*** The records ***
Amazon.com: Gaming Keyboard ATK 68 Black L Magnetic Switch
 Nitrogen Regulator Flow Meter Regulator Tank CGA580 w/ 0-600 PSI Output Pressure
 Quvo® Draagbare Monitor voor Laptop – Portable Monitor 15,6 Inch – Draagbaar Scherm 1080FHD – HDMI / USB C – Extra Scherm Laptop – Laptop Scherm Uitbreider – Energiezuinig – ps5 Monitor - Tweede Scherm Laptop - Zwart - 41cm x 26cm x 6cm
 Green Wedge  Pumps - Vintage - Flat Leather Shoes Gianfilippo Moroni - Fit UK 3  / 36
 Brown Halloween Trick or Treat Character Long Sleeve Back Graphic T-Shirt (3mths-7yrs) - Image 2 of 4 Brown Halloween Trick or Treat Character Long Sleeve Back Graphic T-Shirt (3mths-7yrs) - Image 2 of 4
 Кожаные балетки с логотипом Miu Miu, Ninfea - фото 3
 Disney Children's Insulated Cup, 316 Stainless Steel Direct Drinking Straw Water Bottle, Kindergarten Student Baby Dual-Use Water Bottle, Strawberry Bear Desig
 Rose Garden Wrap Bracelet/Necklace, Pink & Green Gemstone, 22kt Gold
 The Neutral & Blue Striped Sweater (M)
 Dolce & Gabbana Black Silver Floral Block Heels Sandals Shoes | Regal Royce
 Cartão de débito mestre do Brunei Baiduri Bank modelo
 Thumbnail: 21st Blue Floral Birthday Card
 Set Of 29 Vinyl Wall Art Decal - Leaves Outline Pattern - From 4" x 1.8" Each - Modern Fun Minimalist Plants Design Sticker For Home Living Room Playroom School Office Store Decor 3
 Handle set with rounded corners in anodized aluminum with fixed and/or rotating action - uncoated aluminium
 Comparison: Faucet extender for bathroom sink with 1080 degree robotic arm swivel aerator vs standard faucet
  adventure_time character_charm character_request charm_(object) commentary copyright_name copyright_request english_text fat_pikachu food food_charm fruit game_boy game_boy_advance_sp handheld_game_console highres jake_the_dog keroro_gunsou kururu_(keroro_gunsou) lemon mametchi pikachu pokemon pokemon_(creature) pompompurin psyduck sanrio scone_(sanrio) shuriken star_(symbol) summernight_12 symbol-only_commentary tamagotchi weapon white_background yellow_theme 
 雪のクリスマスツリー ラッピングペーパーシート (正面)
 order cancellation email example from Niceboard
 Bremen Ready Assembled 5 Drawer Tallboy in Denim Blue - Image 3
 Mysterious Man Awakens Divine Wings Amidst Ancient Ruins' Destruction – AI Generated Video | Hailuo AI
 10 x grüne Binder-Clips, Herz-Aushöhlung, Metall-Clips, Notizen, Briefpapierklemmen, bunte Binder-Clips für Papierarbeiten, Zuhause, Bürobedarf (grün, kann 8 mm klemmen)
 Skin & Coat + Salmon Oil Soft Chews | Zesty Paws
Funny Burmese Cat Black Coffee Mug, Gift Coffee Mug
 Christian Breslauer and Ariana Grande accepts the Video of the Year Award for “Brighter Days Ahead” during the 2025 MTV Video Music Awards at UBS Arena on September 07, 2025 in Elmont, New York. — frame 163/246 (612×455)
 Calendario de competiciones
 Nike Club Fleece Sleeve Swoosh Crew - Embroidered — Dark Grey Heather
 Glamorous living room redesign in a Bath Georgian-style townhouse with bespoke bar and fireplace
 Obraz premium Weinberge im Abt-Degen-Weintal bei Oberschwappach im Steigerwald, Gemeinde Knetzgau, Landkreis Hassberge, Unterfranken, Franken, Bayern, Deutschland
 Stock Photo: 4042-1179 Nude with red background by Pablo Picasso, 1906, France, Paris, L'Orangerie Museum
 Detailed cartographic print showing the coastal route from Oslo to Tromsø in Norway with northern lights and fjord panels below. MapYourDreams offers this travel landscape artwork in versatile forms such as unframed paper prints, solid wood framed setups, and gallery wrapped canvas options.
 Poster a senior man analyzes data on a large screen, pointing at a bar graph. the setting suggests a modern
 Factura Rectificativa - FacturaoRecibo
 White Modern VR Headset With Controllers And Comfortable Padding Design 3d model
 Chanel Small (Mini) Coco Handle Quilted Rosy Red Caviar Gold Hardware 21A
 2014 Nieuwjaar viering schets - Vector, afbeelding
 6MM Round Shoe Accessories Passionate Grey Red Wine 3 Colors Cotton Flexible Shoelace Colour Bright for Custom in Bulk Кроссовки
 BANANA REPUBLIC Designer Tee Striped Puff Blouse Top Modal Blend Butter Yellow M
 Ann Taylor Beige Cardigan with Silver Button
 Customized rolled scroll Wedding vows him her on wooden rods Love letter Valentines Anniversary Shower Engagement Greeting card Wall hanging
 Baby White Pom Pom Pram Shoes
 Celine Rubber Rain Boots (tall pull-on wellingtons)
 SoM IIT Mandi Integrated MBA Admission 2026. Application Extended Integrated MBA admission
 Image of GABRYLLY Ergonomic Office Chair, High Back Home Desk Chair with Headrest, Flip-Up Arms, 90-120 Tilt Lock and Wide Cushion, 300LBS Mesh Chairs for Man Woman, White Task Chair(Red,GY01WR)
*** End of The records ***
About this task:
Copy the records above exactly, beginning at the line that contains "Nike Club Fleece" and stopping after the line that contains "Detailed cartographic print".

Result of this exercise:
 Nike Club Fleece Sleeve Swoosh Crew - Embroidered — Dark Grey Heather
 Glamorous living room redesign in a Bath Georgian-style townhouse with bespoke bar and fireplace
 Obraz premium Weinberge im Abt-Degen-Weintal bei Oberschwappach im Steigerwald, Gemeinde Knetzgau, Landkreis Hassberge, Unterfranken, Franken, Bayern, Deutschland
 Stock Photo: 4042-1179 Nude with red background by Pablo Picasso, 1906, France, Paris, L'Orangerie Museum
 Detailed cartographic print showing the coastal route from Oslo to Tromsø in Norway with northern lights and fjord panels below. MapYourDreams offers this travel landscape artwork in versatile forms such as unframed paper prints, solid wood framed setups, and gallery wrapped canvas options.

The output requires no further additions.